(Exercise description):
Look through the entries below and extract exactly the lines from the one containing "Cover-Bild Mein kunterbuntes" through the one containing "Cover for Julie", ends included.

Crawled caption data
:::::

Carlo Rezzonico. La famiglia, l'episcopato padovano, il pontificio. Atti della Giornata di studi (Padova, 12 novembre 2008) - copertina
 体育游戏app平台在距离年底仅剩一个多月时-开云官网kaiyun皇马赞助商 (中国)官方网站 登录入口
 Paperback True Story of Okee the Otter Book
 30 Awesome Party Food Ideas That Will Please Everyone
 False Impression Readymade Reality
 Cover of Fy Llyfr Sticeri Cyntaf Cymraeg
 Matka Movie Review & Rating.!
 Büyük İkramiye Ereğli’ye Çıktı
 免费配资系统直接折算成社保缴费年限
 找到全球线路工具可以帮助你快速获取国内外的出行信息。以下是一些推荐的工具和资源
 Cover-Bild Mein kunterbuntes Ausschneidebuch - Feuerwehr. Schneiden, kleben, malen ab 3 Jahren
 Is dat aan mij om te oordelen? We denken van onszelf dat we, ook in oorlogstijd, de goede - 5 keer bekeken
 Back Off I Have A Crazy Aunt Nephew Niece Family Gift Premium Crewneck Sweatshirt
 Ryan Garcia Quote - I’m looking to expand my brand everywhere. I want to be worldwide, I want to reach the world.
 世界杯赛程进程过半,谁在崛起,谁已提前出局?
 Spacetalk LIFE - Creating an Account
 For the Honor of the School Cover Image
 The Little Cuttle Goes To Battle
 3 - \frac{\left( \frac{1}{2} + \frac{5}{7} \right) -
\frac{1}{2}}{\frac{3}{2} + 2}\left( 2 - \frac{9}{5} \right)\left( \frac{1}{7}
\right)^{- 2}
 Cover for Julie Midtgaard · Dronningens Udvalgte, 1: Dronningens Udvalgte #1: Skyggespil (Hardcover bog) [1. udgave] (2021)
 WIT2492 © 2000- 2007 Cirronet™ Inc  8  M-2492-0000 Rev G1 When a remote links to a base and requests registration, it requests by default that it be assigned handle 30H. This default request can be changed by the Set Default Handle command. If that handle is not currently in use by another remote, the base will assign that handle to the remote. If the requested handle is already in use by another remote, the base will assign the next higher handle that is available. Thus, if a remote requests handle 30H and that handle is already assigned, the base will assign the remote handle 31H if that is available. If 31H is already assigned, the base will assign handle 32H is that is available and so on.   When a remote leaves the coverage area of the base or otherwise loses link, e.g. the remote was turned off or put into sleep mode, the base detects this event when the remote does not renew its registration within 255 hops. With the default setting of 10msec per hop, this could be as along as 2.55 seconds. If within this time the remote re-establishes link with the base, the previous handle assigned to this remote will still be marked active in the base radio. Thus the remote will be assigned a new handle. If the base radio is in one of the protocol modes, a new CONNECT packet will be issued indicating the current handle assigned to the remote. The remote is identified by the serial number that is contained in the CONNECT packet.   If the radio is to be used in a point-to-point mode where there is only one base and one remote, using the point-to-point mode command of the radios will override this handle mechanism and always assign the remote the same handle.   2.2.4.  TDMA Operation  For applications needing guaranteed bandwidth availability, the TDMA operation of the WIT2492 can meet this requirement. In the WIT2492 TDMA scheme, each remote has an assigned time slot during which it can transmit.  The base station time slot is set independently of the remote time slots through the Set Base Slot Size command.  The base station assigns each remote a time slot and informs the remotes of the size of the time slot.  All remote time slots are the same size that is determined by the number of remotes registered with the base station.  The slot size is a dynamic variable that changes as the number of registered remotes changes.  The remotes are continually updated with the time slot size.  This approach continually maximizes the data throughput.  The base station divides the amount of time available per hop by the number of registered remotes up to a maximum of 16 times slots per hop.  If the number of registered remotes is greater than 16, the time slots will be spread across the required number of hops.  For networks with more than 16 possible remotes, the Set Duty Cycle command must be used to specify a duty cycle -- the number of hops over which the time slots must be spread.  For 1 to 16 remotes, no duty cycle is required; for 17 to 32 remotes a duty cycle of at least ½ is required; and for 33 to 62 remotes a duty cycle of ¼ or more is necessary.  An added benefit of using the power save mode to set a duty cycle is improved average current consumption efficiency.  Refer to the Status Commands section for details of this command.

:::::

(Result below):
 Cover-Bild Mein kunterbuntes Ausschneidebuch - Feuerwehr. Schneiden, kleben, malen ab 3 Jahren
 Is dat aan mij om te oordelen? We denken van onszelf dat we, ook in oorlogstijd, de goede - 5 keer bekeken
 Back Off I Have A Crazy Aunt Nephew Niece Family Gift Premium Crewneck Sweatshirt
 Ryan Garcia Quote - I’m looking to expand my brand everywhere. I want to be worldwide, I want to reach the world.
 世界杯赛程进程过半,谁在崛起,谁已提前出局?
 Spacetalk LIFE - Creating an Account
 For the Honor of the School Cover Image
 The Little Cuttle Goes To Battle
 3 - \frac{\left( \frac{1}{2} + \frac{5}{7} \right) -
\frac{1}{2}}{\frac{3}{2} + 2}\left( 2 - \frac{9}{5} \right)\left( \frac{1}{7}
\right)^{- 2}
 Cover for Julie Midtgaard · Dronningens Udvalgte, 1: Dronningens Udvalgte #1: Skyggespil (Hardcover bog) [1. udgave] (2021)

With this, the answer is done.